Smoke by Dan Vyleta - This is what actually took up most of my reading time. It was 450 pages of very small print and small margins. I really liked it, though. In an alternate Victorian era, people show their sinful thoughts by letting off smoke. The worse the thoughts, the darker and thicker the thoughts. Except for the rich and titled of course. They are naturally sin free. Except these two boys (sons of wealthy people) find out that isn't true. The wealthy can afford special candies that keep them from smoking. Anyway, they meet someone who is doing experiments about smoke to prove something. I never worked out if they were proving it's ok to smoke, or that it isn't natural because they keep finding random people in tiny buried villages in Africa who don't smoke. It's very weird, but the pacing is fast, the characters are fantastic, and I enjoyed the experience.

Breaking Bread with the Dead: A Reader's Guide to a More Tranquil Mind by Alan Jacobs - So okay. What I got from this book is that readers should meet dead authors where they are. Yes, some authors had some terrible ideas about race and women's rights, etc., but that doesn't mean the rest of what they had to say was not worth reading. So far, I am on board. The subtitle is "A Reader's Guide to a Tranquil Mind". I feel like in the last chapter he may have attempted to connect his feelings about past writers to having a tranquil mind, but I didn't get it. I missed the lesson.

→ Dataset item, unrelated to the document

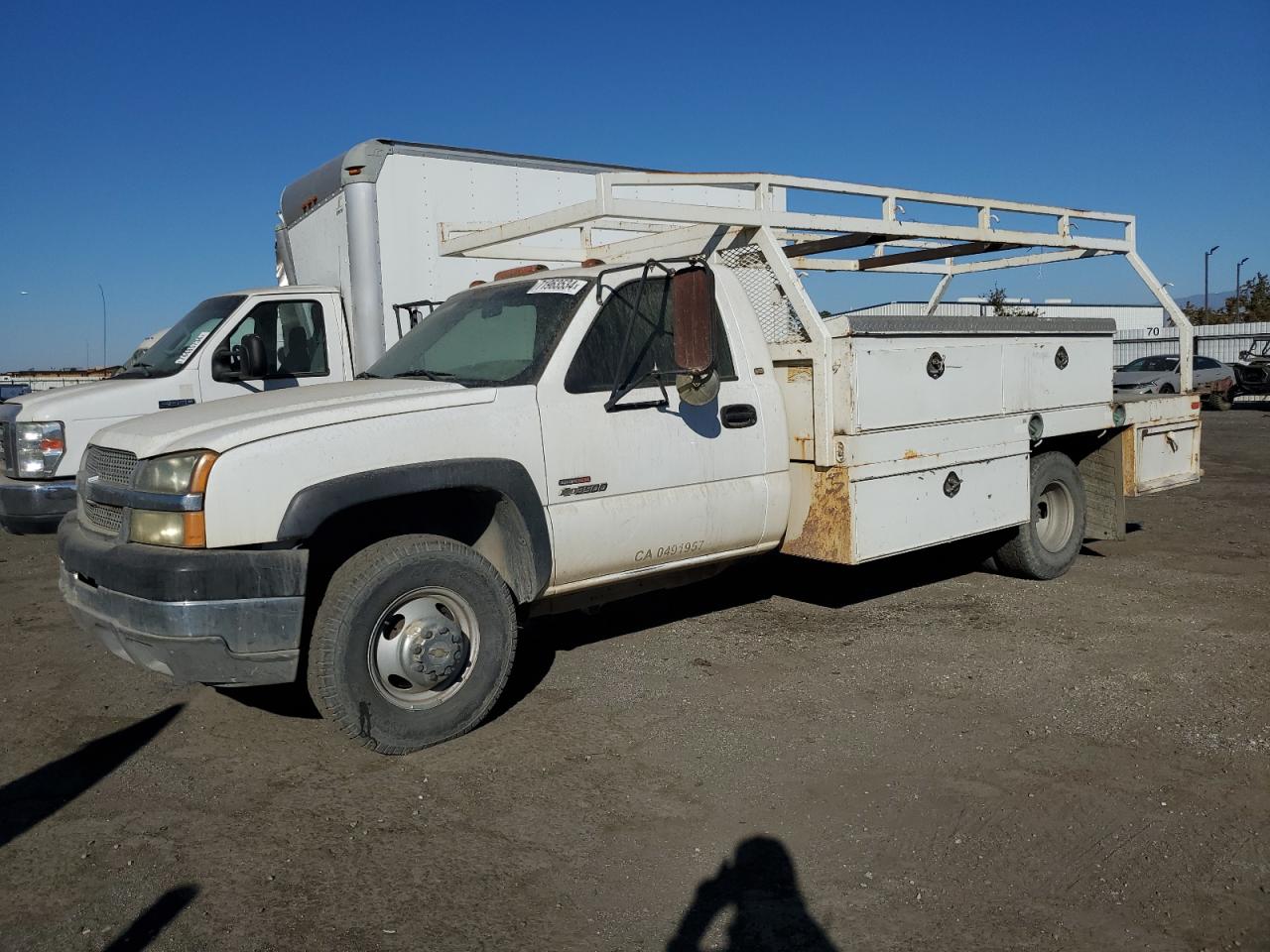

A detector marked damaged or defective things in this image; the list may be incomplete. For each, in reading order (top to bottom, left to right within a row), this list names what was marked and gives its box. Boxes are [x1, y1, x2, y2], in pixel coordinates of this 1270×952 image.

That's too bad because a) I really like the cover of this one and b) I sure could do with a tranquil mind.

The Road to Roswell by Connie Willis - I barely squeaked this in on the very last day of August. It is a hoot! Francie is in Roswell to convince her flaky best friend not to marry a UFO nut at the UFO museum on the anniversary of the 1947 UFO crash outside Roswell. Instead, she kids abducted by an alien that looks like a tumbleweed. From there it just gets progressively weirder and more ridiculous until it wraps up with the alien and Francie and an FBI agent driving into the sunset.

And that wraps up the month! That's nine books for the month of August. I've done worse. I'll take it.